» **Work request**:
Your output should be the lines from the one containing "OFF-WHITE Out Of" through the last line below, both ends included, exactly as written and free of pictures.

» **Supplied records**:
····················

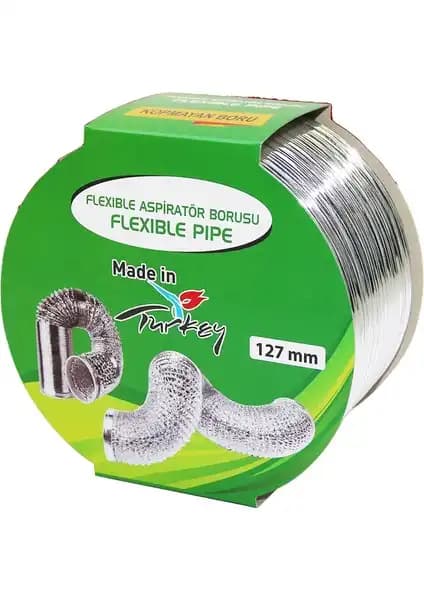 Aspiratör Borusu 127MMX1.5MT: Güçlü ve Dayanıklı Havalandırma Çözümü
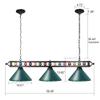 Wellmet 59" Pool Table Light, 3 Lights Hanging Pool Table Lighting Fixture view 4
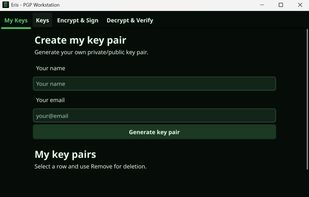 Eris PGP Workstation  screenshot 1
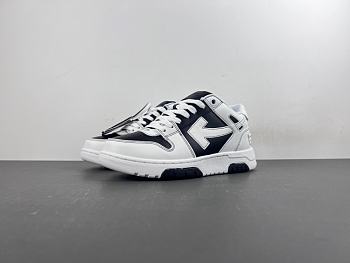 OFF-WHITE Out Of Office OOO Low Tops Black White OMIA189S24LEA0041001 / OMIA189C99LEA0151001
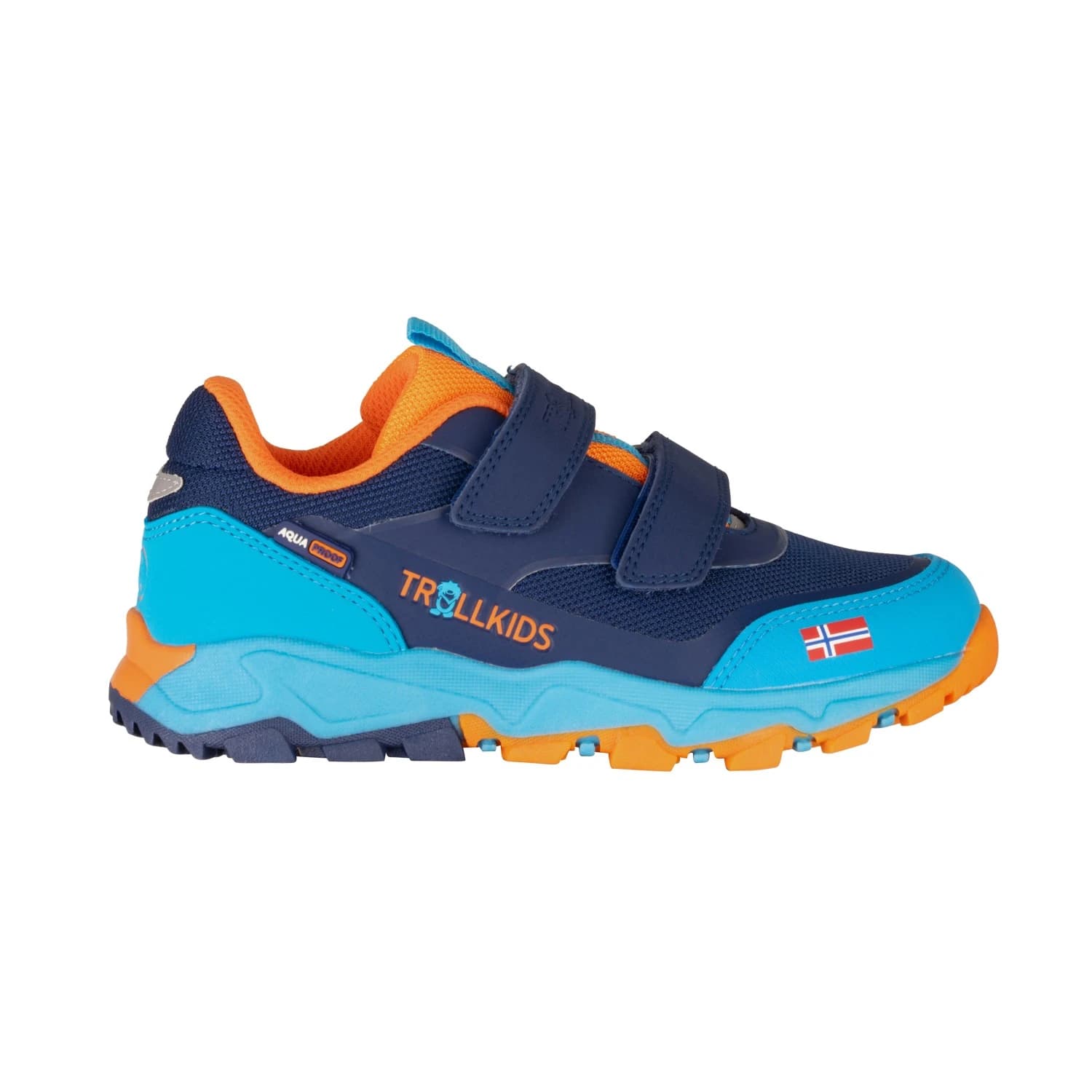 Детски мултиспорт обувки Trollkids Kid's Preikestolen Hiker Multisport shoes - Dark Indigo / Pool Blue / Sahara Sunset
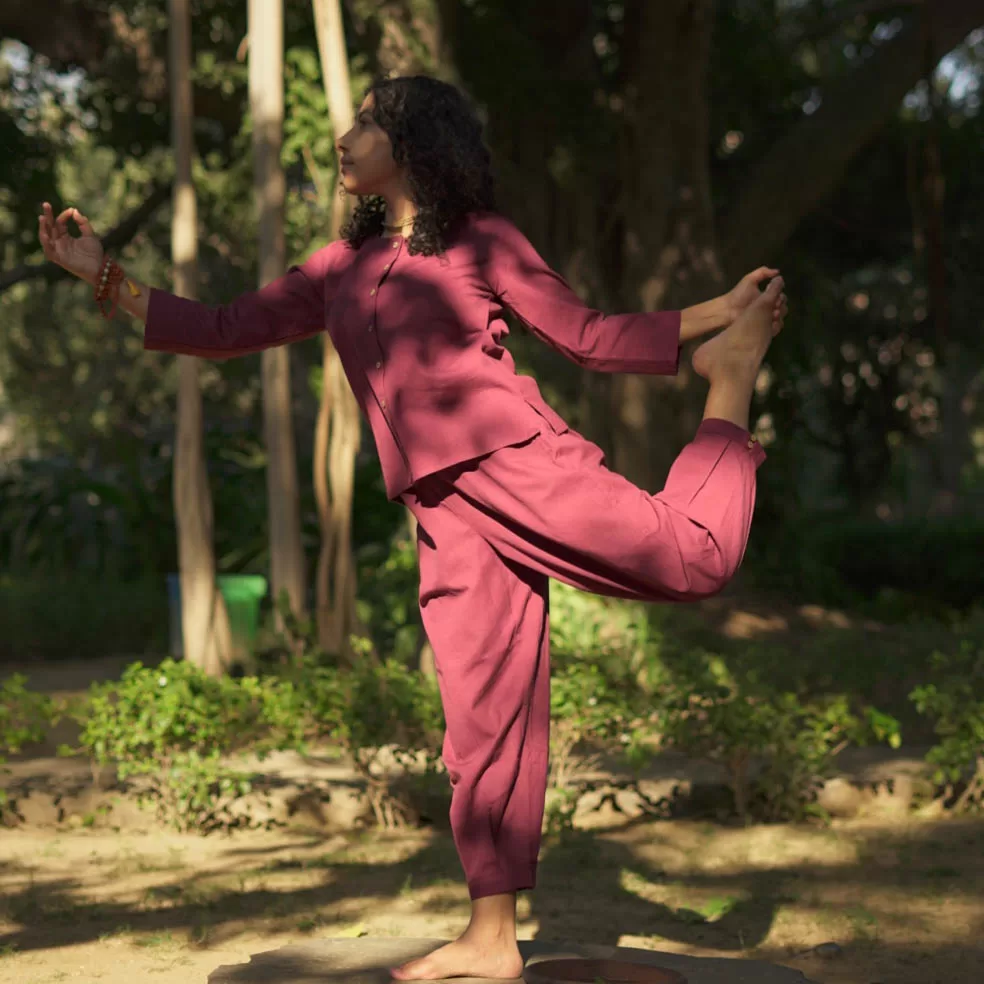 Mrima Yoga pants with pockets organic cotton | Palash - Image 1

····················

» **Written response**:
 OFF-WHITE Out Of Office OOO Low Tops Black White OMIA189S24LEA0041001 / OMIA189C99LEA0151001
 Детски мултиспорт обувки Trollkids Kid's Preikestolen Hiker Multisport shoes - Dark Indigo / Pool Blue / Sahara Sunset
 Mrima Yoga pants with pockets organic cotton | Palash - Image 1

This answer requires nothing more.